Le projet vise à construire plus de 116 barrages en maçonnerie pour soutenir l’agriculture irriguée. Les barrages ont une capacité allant de 30 000 m³ à plus de 110 000 m³, ce qui permet aux agriculteurs locaux des zones ciblées du centre, du sud et du nord de l’Érythrée de produire des quantités substantielles de légumes et de céréales.
Le projet a également encouragé la formation à de nouvelles compétences et la promotion de l’esprit d’entreprise afin de stimuler le développement global de la chaîne de valeur. En outre, le programme fournit aux agriculteurs différents types d’intrants agricoles qui leur permettent d’améliorer la production et d’augmenter la productivité par unité de surface.
Les communautés soutenues considèrent l’initiative comme un pas en avant dans les efforts plus larges de l’Érythrée pour renforcer la résilience rurale, améliorer la nutrition et réduire la pauvreté.
Hamed Meskel, un agriculteur bénéficiant du barrage d’Aderde dans la région nord, pratiquait l’irrigation à petite échelle avec une quantité d’eau limitée avant l’avènement du projet.

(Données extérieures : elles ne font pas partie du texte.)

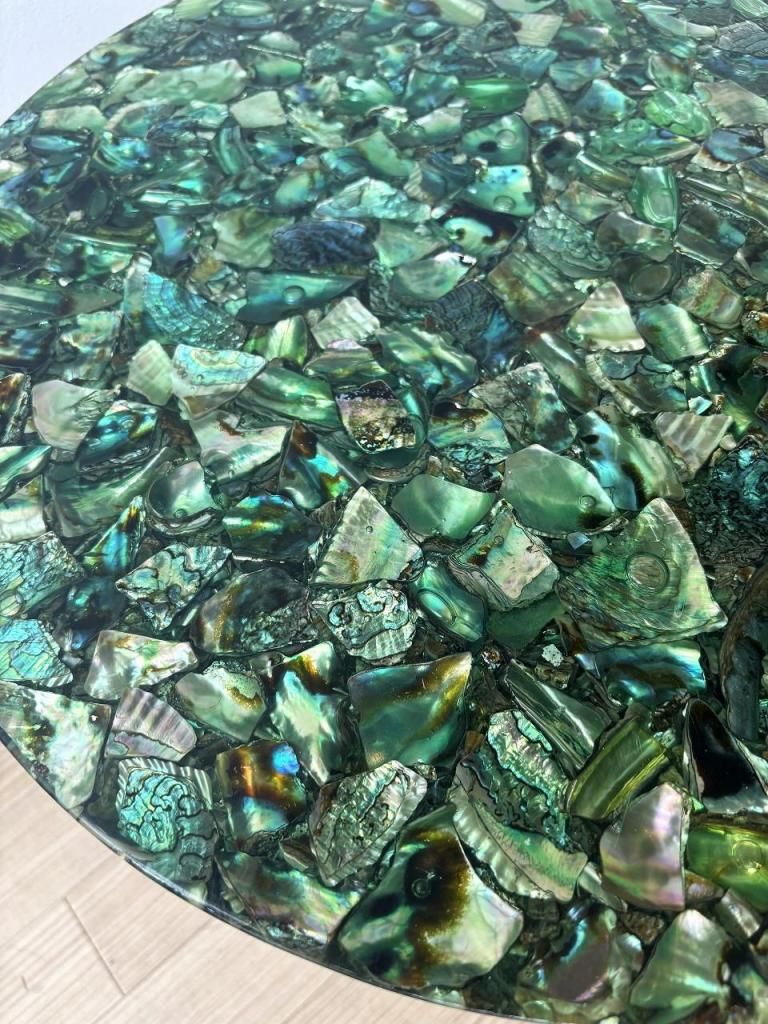 adidas プレデター19+ 27.5cm テンセグリティ構造テーブル編 | モメンド・ダリのブログ レジン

« Les choses s’aggravaient lentement car les puits de la région s’asséchaient. J’ai été contraint d’arrêter les cultures, mais j’ai repris. Grâce à la construction de ce barrage, l’eau est maintenant disponible », se félicite Hamed Meskel.
Fier de ses récoltes semestrielles de légumes, de fruits et de fourrage, qui ont augmenté d’environ 30 % par unité de surface, la ferme de Hamed Meskel sert également de parcelle de démonstration pour près de 350 autres ménages agricoles de la région.

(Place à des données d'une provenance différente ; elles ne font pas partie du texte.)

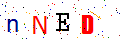 点击更换验证码
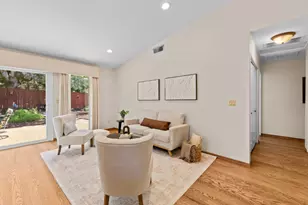 1412 Love Way, Auburn, CA 95603 - Photo 10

Environ 73 % des Érythréens dépendent de l’agriculture et de ses domaines connexes pour leurs revenus et leur emploi.
Selon Kenneth Onyango, responsable des programmes nationaux au bureau de liaison de la Banque africaine de développement en Érythrée, « ce projet a immensément contribué à l’expansion de l’agriculture et des opportunités agro-industrielles dans les zones rurales de l’Érythrée comme moyen d’améliorer les moyens de subsistance des populations rurales et de développement économique ».
Le projet, a-t-il ajouté, est structuré autour de la participation des communautés, ce qui a permis d’atteindre les objectifs plus tôt que prévu. « Les communautés obtiennent des résultats et nous constatons que les changements dans les moyens de subsistance se traduisent par une adoption plus large de l’agriculture comme source de revenus pour de nombreux ménages dans les communautés ciblées », a souligné M. Onyango.
Le programme, qui en est à sa cinquième phase, devrait se poursuivre jusqu’en décembre 2026.
Sur le terrain, l’eau a apporté plus que de la nourriture. Les communautés acquièrent également un plus grand sentiment de sécurité dans un climat changeant. L’espoir a également pris racine.
« Nous sommes très satisfaits de cette initiative, qui a permis d’améliorer les moyens de subsistance de la communauté, conformément au plan stratégique quinquennal du ministère de l’Agriculture », a déclaré Hadgu Gebrendrias, coordinateur du programme. Il a ajouté que la construction des 98 barrages en maçonnerie, à ce jour, a encouragé la construction de nouvelles structures de conservation des sols et de l’eau sur plus de 9 800 hectares en amont des barrages dans les six régions de l’Érythrée au cours des cinq dernières années.
« Ces infrastructures ont contribué de manière significative à renforcer la résistance à la sécheresse, à améliorer les moyens de subsistance durables et à promouvoir la sécurité alimentaire et nutritionnelle, en particulier parmi les communautés pastorales et agro-pastorales d’Érythrée », a souligné M. Gebrendrias.